In a review of early images and reports from Taiwan after the earthquake, Wallace said it appeared that much of the damage was in older concrete buildings that were five to 10 stories tall and had first floors with open commercial space. Many were on street corners, where buildings can be subjected to twisting forces that heighten damage. 

“There’s a weak first story that collapses. It concentrates the damage in that first story,” Wallace said. 

A damaged building in Hualien City, Taiwan, after an earthquake
A damaged building Tuesday in Hualien City, Taiwan.TVBS via AP

He added that older, concrete buildings would be expected to struggle with an earthquake and are the targets for retrofits in Taiwan and the U.S. Meanwhile, Taiwan’s tall buildings — which have a higher level of engineering — appeared to have performed admirably, as expected, Wallace said.

That includes Taipei 101, the island’s tallest tower, which features a 660-metric-ton steel ball suspended with cables in its upper stories — a system designed to dampen movement from heavy winds and earthquakes. 

“If what looks like it happened holds up — for the magnitude of this earthquake and its proximity to land, overall they did quite well there.

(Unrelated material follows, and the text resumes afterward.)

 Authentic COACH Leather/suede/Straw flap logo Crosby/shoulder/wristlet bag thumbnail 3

I hate to say that when people were killed,” Tobin said.

Nearly 25 years ago, the magnitude-7.7 Chi-Chi earthquake catalyzed Taiwan toward better preparation.  

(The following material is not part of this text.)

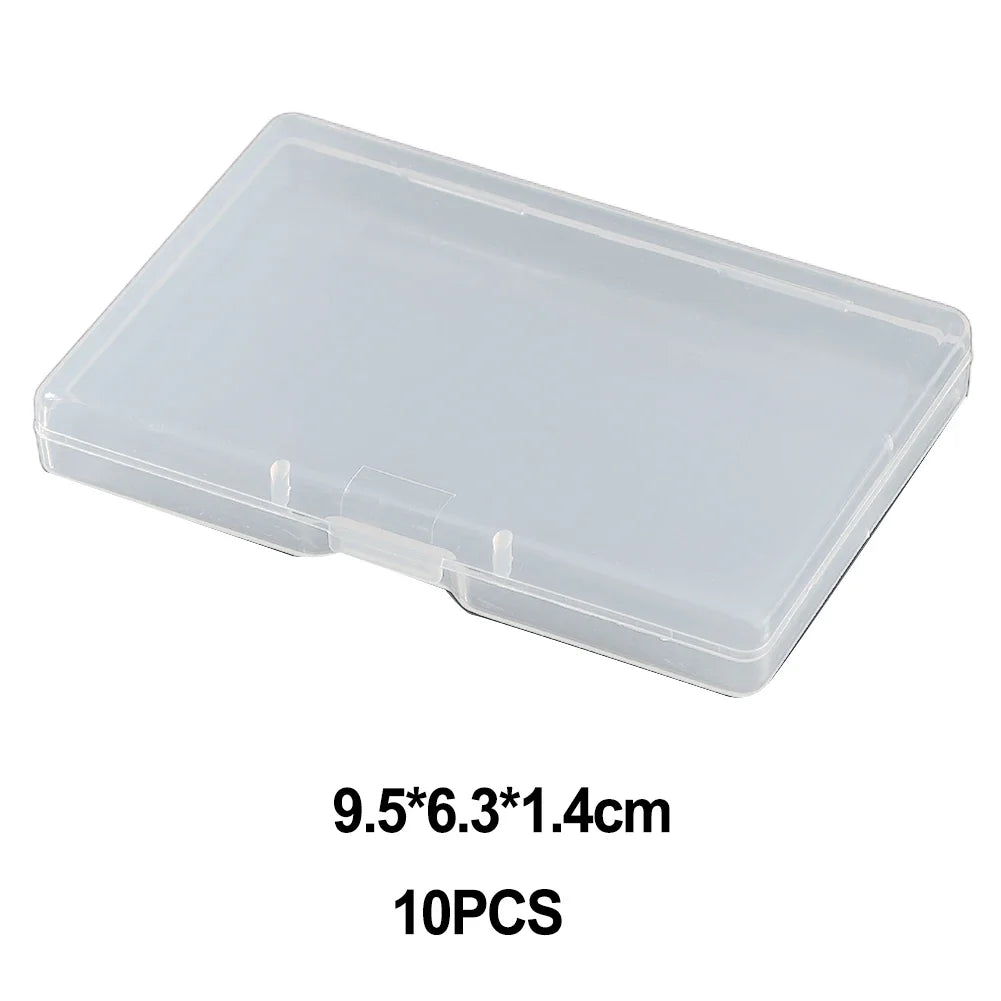 10-Pack Clear PP Plastic Rectangular Flat Storage Boxes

Lai was 11 when the quake struck and can still recall how the temblor shook him awake at his family’s apartment in TaiPei and nearly threw him out of bed. 

After that, he noticed the island slowly transforming to better mitigate risk. At school, there was a new emphasis and training on earthquake safety. And over the next decade, political leaders instituted new building codes, reclassified seismic zones and designated emergency command centers in rural areas, Lai said. 

Wallace flew to Taiwan a week after the Chi-Chi quake and helped inspect bridges in its aftermath. In the years that followed, he said, the island started by evaluating and retrofitting school buildings and then moved on to the oldest buildings most at risk for collapse. 

The initiatives resemble Southern California’s, Wallace said: “We’ve basically been doing kind of the same thing.” 

He added, though, that he thinks Taiwan has moved more quickly because frequent, smaller earthquakes kept the issue top of mind. 

Other West Coast states lag behind California. Washington only began to systematically evaluate its schools in the past 10 years, and many of Seattle’s old brick buildings are not retrofitted and are likely to collapse in a large earthquake.

Taiwan’s sophisticated early-warning system is also an important part of its safety infrastructure. The system relies on a islandwide network of seismic instruments; when a large quake happens, the system sends messages to people’s phones and automatically cuts into live TV programming to give residents seconds of warning.

Some aspects of it are similar to the systems used in California, Oregon and Washington.

“In the U.S., our ShakeAlert system has the capability to send out an Amber Alert-style messages to all our phones, but it isn’t wired in broadcast media in the same way,” Tobin said. 

Video on social media showed TV footage of Taiwanese news programming in which on-screen warnings arrived before shaking began, according to Tobin.  

In Taiwan, “there is a more comprehensive warning capability,” he said. 

The systems in both Taiwan and the U.S. work by detecting “P-waves” from an earthquake and calculating their strength before sending alerts through internet networks. 

“Earthquakes send different waves — ripples on a pond — from the epicenter,” Tobin said. “The ripples that spread the fastest are not the damaging ones, they’re a harbinger, a Paul Revere rider.” 

Lai said Taiwan’s progress on earthquake safety was gradual and required public education, as well as trust in government and faith in scientists. 

“We took 25 years to get to this point,” he said.